GUITTARD, Chief Justice,

dissenting.

I agree that a defendant is not required by rule 93(o) of the Texas Rules of Civil Procedure to deny under oath that he is “doing business under an assumed or trade name as alleged,” unless the petition has alleged that he is so doing business. I cannot agree, however, that the petition in .this case, when reasonably construed, does *64not so allege. I would hold that its provisions are clear enough to give defendant notice of his claim and thus to invoke the requirements of rule 93(o).

The majority rest the decision on the circumstance that the petition does not state in any of the numbered paragraphs that defendant was doing business in the name of “CTL Construction Company,” but only states in the opening paragraph or “preamble” that plaintiff is complaining of “C. T. Lambert, individually and d/b/a CTL Construction Company.” The majority point out that the petition seems to treat Lambert individually and “CTL Construction Company” as two separate defendants. The majority would presumably reach a different result if plaintiff had averred in one of the numbered paragraphs, “Defendant C. T. Lambert is doing business as CTL Construction Company,” notwithstanding use of “defendants” in the plural.

In my view, the majority draw too fine a line. No lawyer reading the petition is likely to get the impression that plaintiff is suing both Lambert and a corporation named “CTL Construction Company.” The petition does not identify “CTL Construction Company” as a corporation, and the name itself does not indicate whether the “company” is a corporation, a partnership, or an individual proprietorship. The only explanation of the nature of the company is that stated in the opening paragraph: “C. T. Lambert, individually and d/b/a CTL Construction Company.” Thus, it is clear from the petition that “CTL Construction Company” is intended as an assumed name for C. T. Lambert.

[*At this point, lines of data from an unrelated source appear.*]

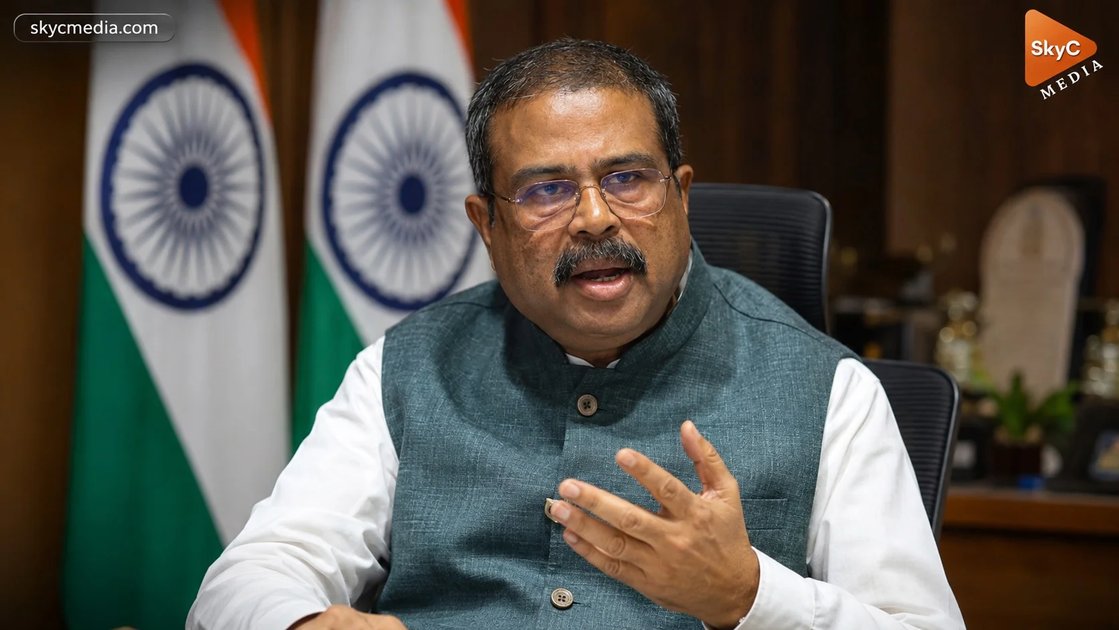 నీట్ లీక్ వివాదంలో రాజీనామాపై ధర్మేంద్ర ప్రధాన్ క్లారిటీ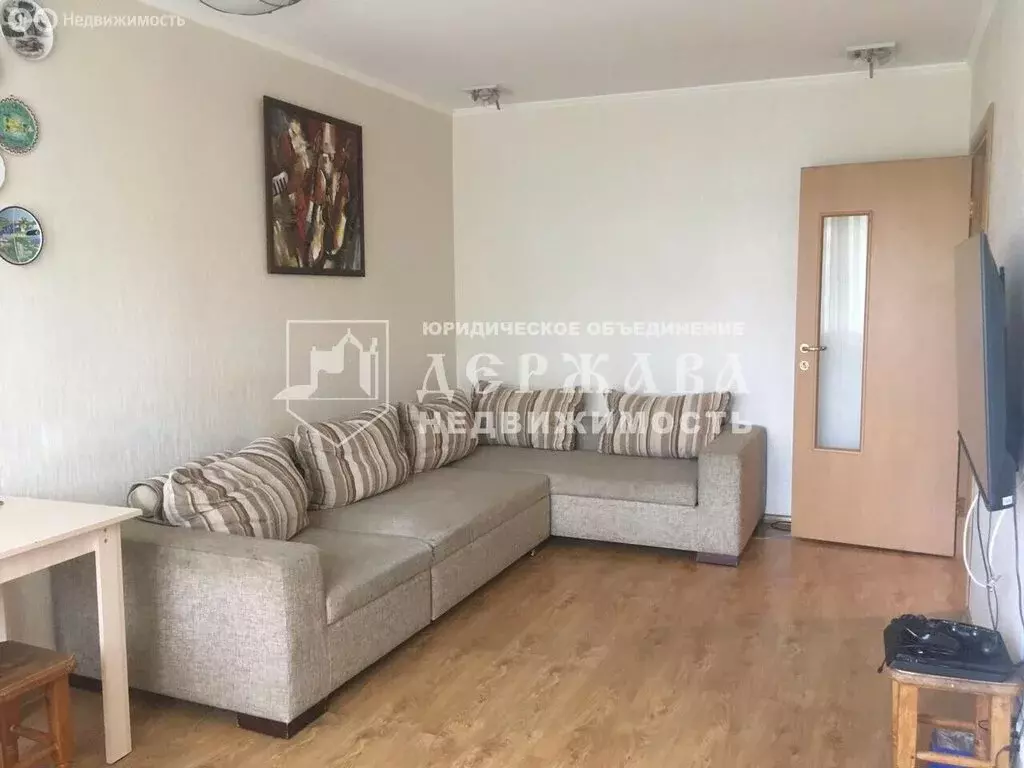 3-комнатная квартира: Кемерово, Спортивная улица, 38 (61 м) - Фото 1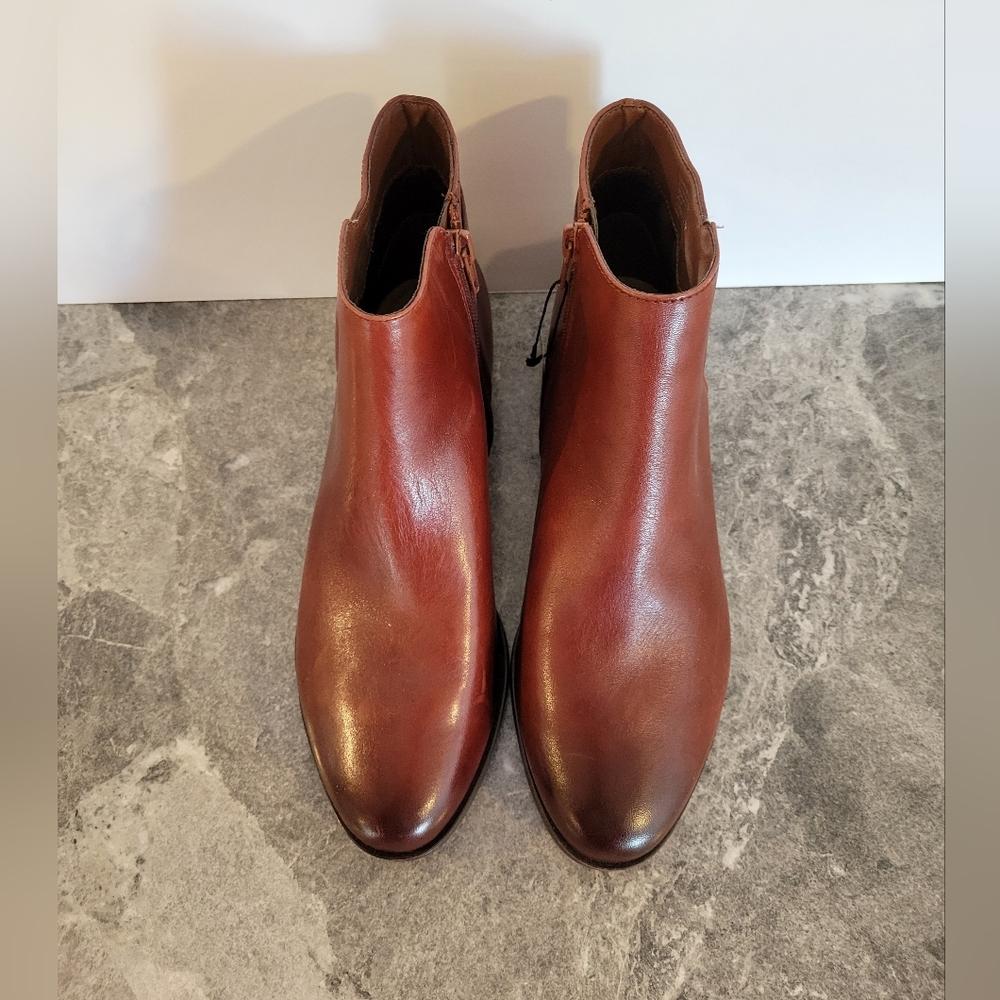 NEW Alfani Step N Flex Avvia Booties NWT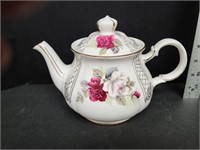 Pretty Roses Tea Pot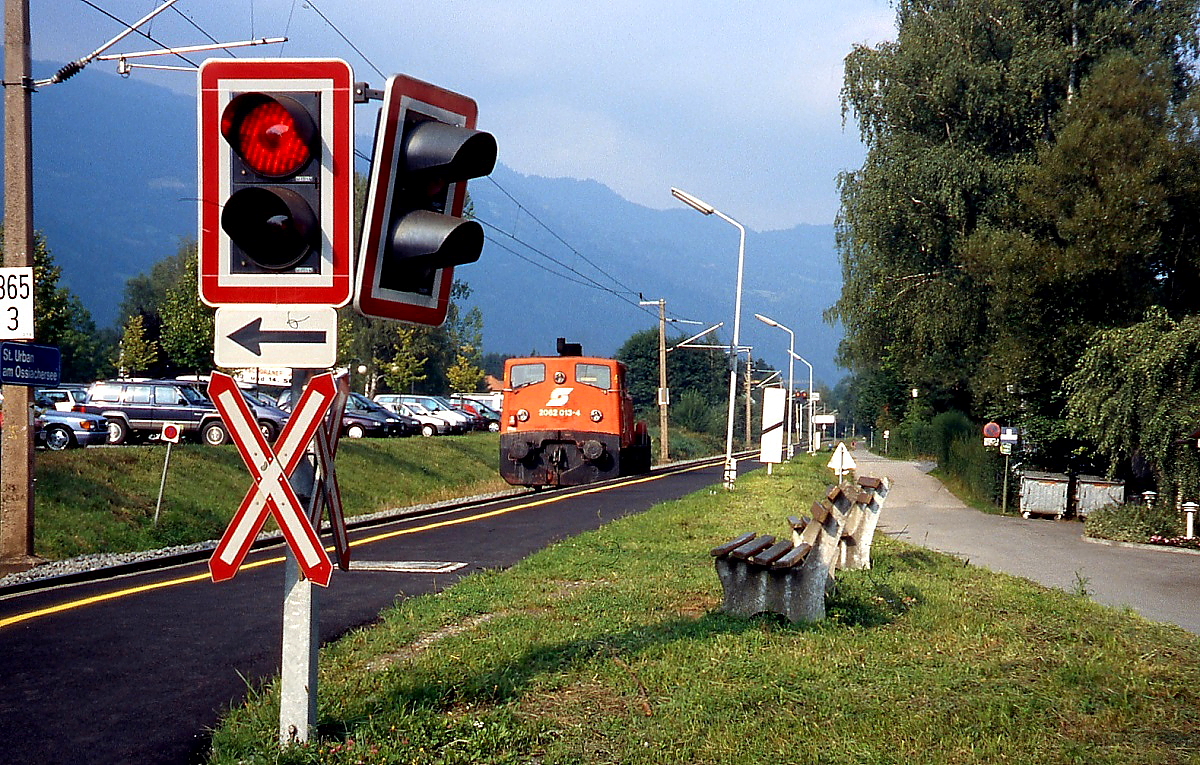 2062 013-4 durchfährt Mitte der 1990er Jahre den Haltepunkt St. Urban am Ossiacher See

I concede that the expression “d/b/a” is a source of confusion. Apparently, plaintiff’s counsel was confused as to whether an individual doing business in an assumed name has more than one capacity in which he may be sued. Of course, as a matter of law, “d/b/a” does not indicate a separate legal capacity, and an individual doing business in an assumed name may be sued as an individual on any debt incurred in that name. The assumed name is only a matter, of identification. Consequently, any lawyer reading this petition must be deemed to know that when a person is sued “individually and as d/b/a,” only one defendant is named and only one defendant is sued, notwithstanding the use of “defendants” in the plural. The identification of defendant in the opening paragraph as doing business in an assumed name rather that in one of the numbered paragraphs may be an error of form subject to a special exception, but it hardly creates such an uncertainty or an ambiguity in the allegations as to relieve the defendant of the requirements of rule 93(o).

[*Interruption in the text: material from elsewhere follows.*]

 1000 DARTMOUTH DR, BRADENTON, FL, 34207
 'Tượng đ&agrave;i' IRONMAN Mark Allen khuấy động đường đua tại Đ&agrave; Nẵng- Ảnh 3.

This lack of uncertainty is demonstrated by defendant’s posture before the trial court, which demonstrates that the petition was adequate to inform him of the nature of plaintiff’s claim. The proof of the pudding is the eating. Defendant evidently recognized that he was sued individually for a debt incurred by “CTL Construction Company” because he met the issue squarely by denying that he had contracted with plaintiff in an individual capacity and by alleging that “CTL Construction Company” was a corporation. He failed, however, to verify his answer by affidavit, as required by rule 93(o). At the trial he offered proof “that the debt is a corporate debt, not an individual debt of Mr. Lambert.” The judge sustained plaintiff’s objection to this proof on the ground that defendant was not entitled to present evidence in the absence of a sworn denial complying with rules 93 and 185. This ruling, in my opinion, was correct. Since the defect of form in alleging the “d/b/a” in the opening paragraph rather than in one of the numbered paragraphs was not brought to the judge’s attention in any manner, that defect was waived under rule 90.

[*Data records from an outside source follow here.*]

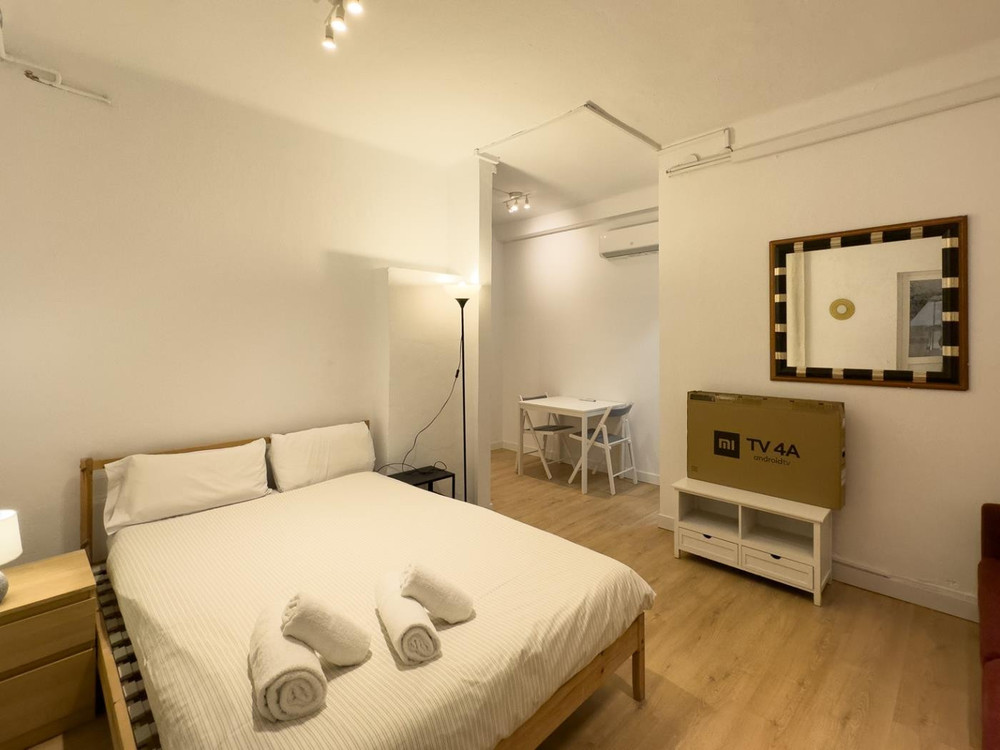 -Studio double bed Barcelona Eixample preview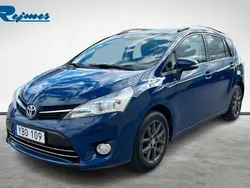 Mörkblå Begagnad 2015 Toyota Verso Multidrive S Minibuss | 149 100 kr (Marknadspris)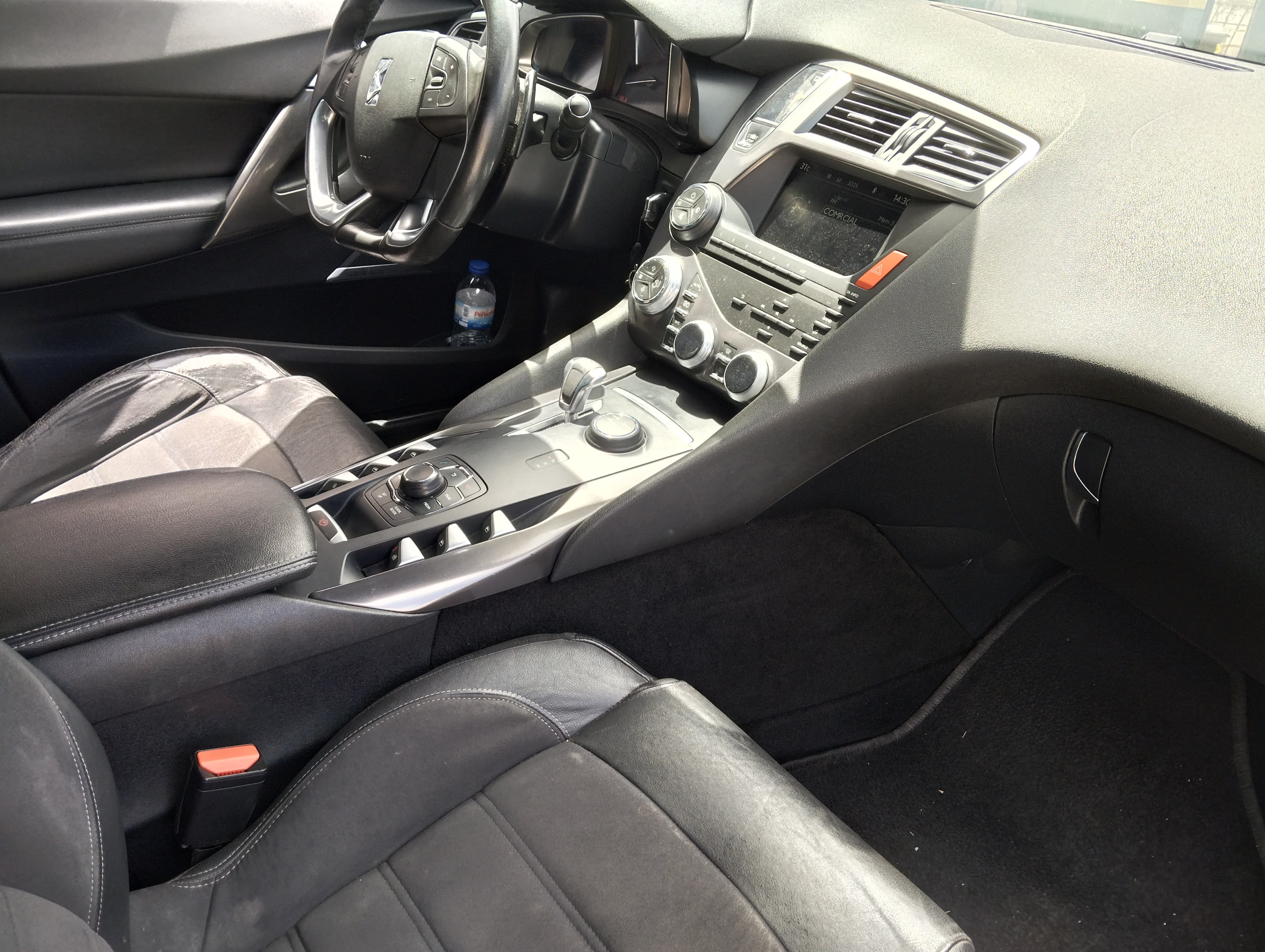 Citroën DS5 2.0 HDi Hybrid4 Allroad · Ano 2013 — imagem 9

Defendant raised no objection concerning the sufficiency of the petition until he filed his brief in this court, in which he asserts for the first time that the petition “names two defendants” and “alleges that the material sued on was sold and delivered to Defendant CTL Construction Company only.” This argument is evidently an afterthought, since defendant’s main argument is that the items in the account are not sufficiently described. That defect, in my *65view, also was waived, M. E. Morgan Co. v. Boise Cascade Corp., 583 S.W.2d 436 (Tex.Civ.App.—Texarkana 1979, no writ). Accordingly, I conclude that the judgment should be affirmed.